La música siguió llegando hasta nuestros oídos.

En el corredor había un espejo inmenso, y las tenues luces anaranjadas de los artefactos de pared hicieron que nos reflejásemos sobre su superficie. El susto me dejó petrificado. La distinta perspectiva me mostró en toda su plenitud la expresión enloquecida de Angers, y mi aspecto no era mucho mejor. Él tenía la cara pálida, macilenta, y llevaba el rollo de papel debajo del brazo y la pistola en la mano. Él también miró nuestra imagen y me sonrió por el espejo. Después me hizo una seña para que me adelantase.

Sabía cual era su intención. No me gustaba, ¿pero qué otra cosa podía hacer? ¿Atacarle? Naturalmente, échate sobre él.

—Venga, compañero —susurró.

Atravesamos la amplia sala, con cuadros en sombras colgados de la pared. Sobre uno de los cuadros había una luz encendida. La pequeña lámpara había sido instalada especialmente para el cuadro y resplandecía en la habitación en penumbras, iluminando un violento contraste de colores chillones. Producía la impresión de que el artista se había colocado a tres metros de la tela y había arrojado bolas de pintura contra ella con una honda. Cualquier color que tuviese a su alcance, y sin que importara dónde hacía impacto.

Pasamos por la sala y después atravesamos un pequeño recinto en el que había macetas con plantas gomeras y helechos. Finalmente llegamos a la habitación en la que estaba el piano.

Era efectivamente un cuarto inmenso, con sillones a lo largo de los ventanales.
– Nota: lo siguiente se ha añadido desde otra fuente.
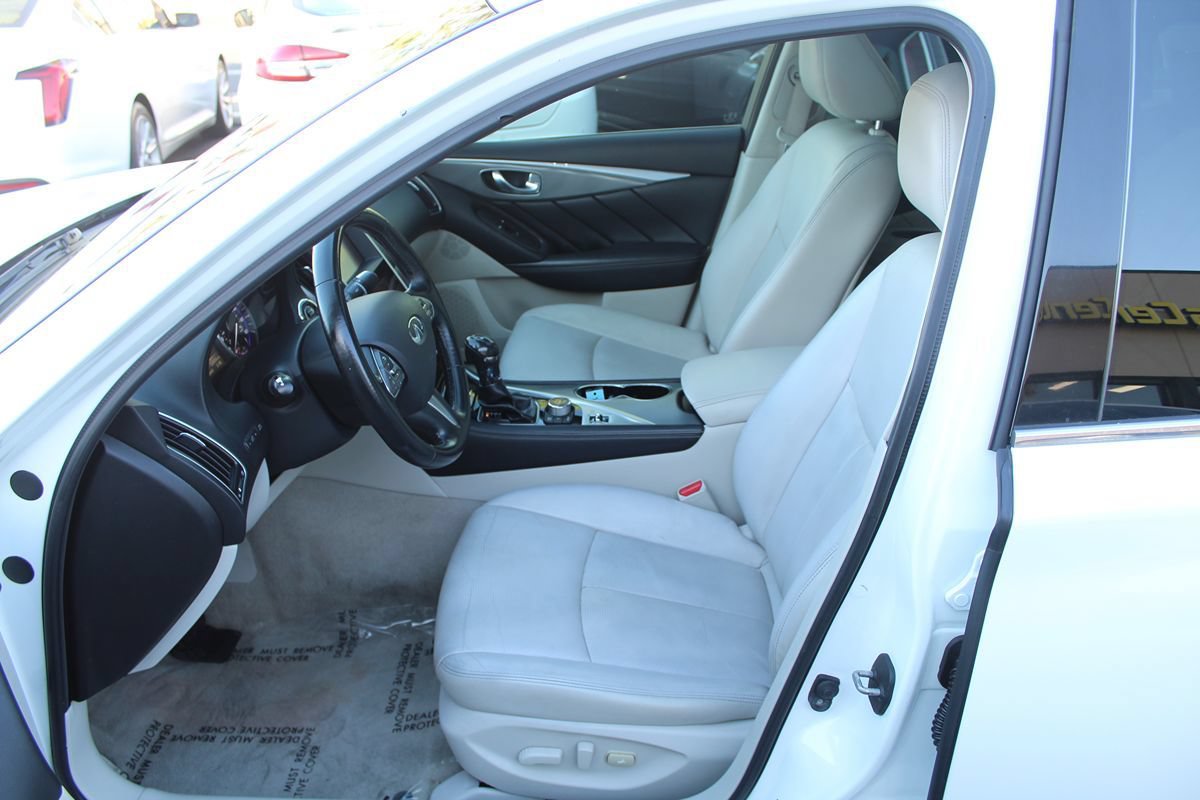Used 2015 INFINITI Q50 Premium w/ Navigation Package RWD image 21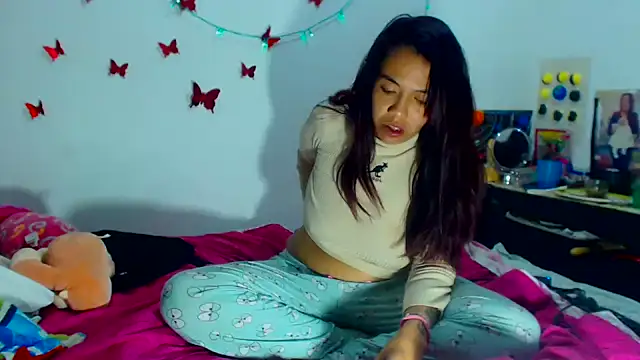 AmaraRoberts420 online show from 01.09.25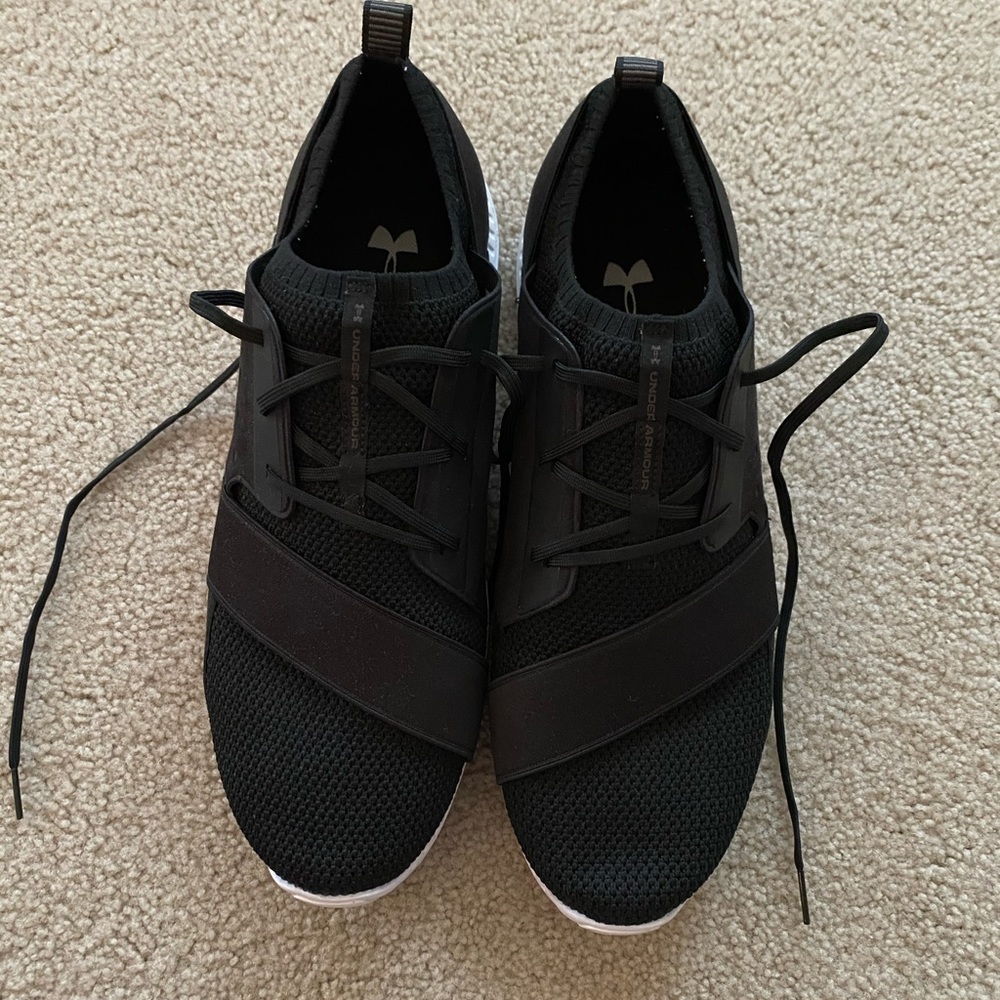 Men’s black under armour size 13 sneakers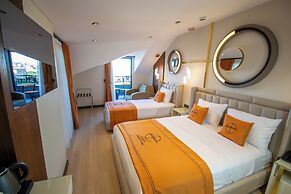 Elysian Airport Hotel & Restaurant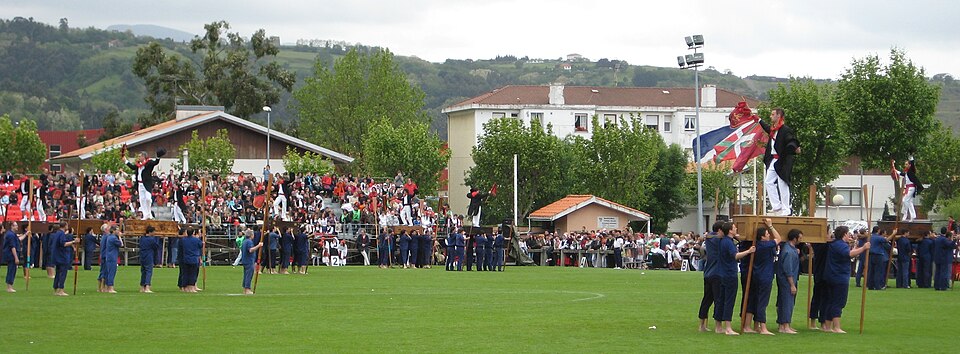 Foto 2 — Sondika, Bizkaia (48150)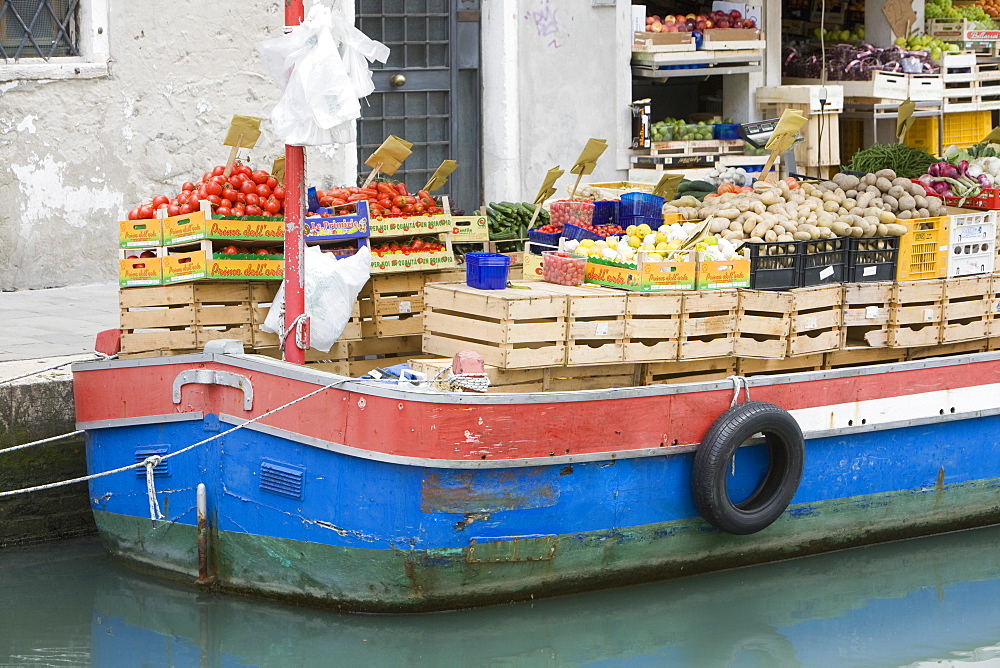 A floating shop in Venice, UNESCO World Heritage Site, Veneto, Italy, Europe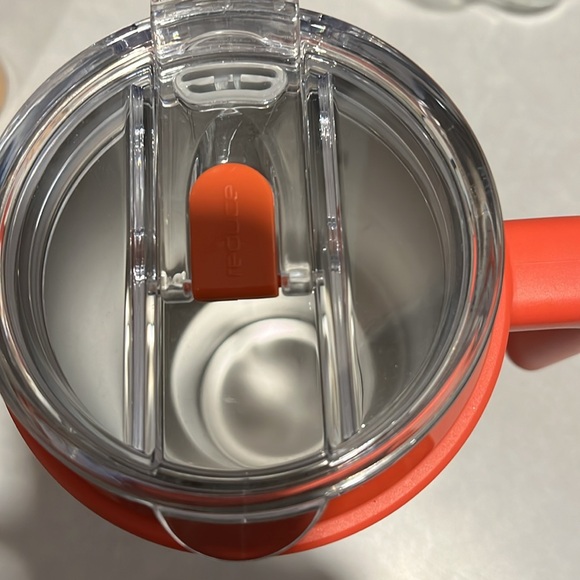 Reduce water bottle or for hot beverages. This is good quality. New - Picture 2 of 7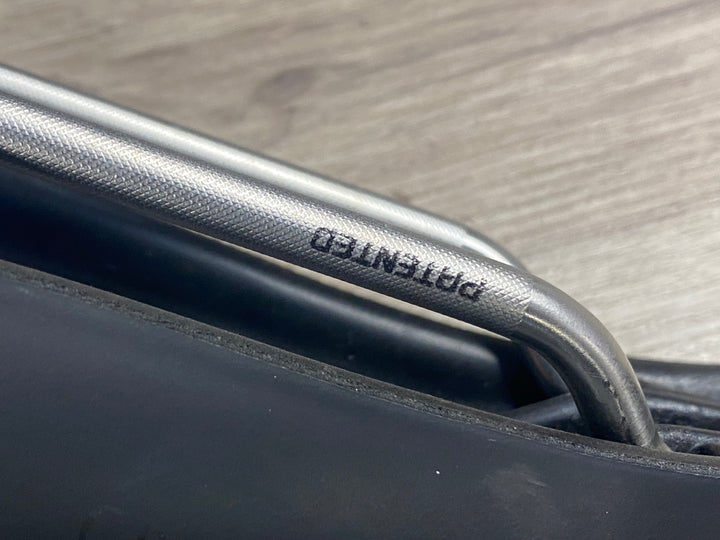 KE949 SELLE SMP HYBRID サドル 黒 140mm aisi 304 tubeレール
Sobre aquellos se apilaban en distintos lugares los almohadones. Había una biblioteca adosada a la pared correspondiente a la puerta por la que entramos. El resto del perímetro estaba ocupado por los ventanales. Había un gran combinado, abierto, con montones de discos apilados sobre él. Vimos más discos diseminados por el piso, junto a álbumes abiertos.

Angers entró directamente a la habitación y se encaminó hacia el piano.

La niña levantó los ojos y le vio. Después me descubrió a mí, y volvió a mirar a Angers y dejó de tocar.

—Continúa —dijo Angers.

La niña tragó saliva y vi que era lo bastante grande como para asustarse. Observó la pistola que él empuñaba y volvió a tragar saliva, sin moverse de donde estaba. Abrió la boca para decir algo, pero no consiguió articular ningún sonido.

—Toca —insistió Angers—. No te detengas, pequeña. Sigue tocando. Quiero oír cómo lo haces.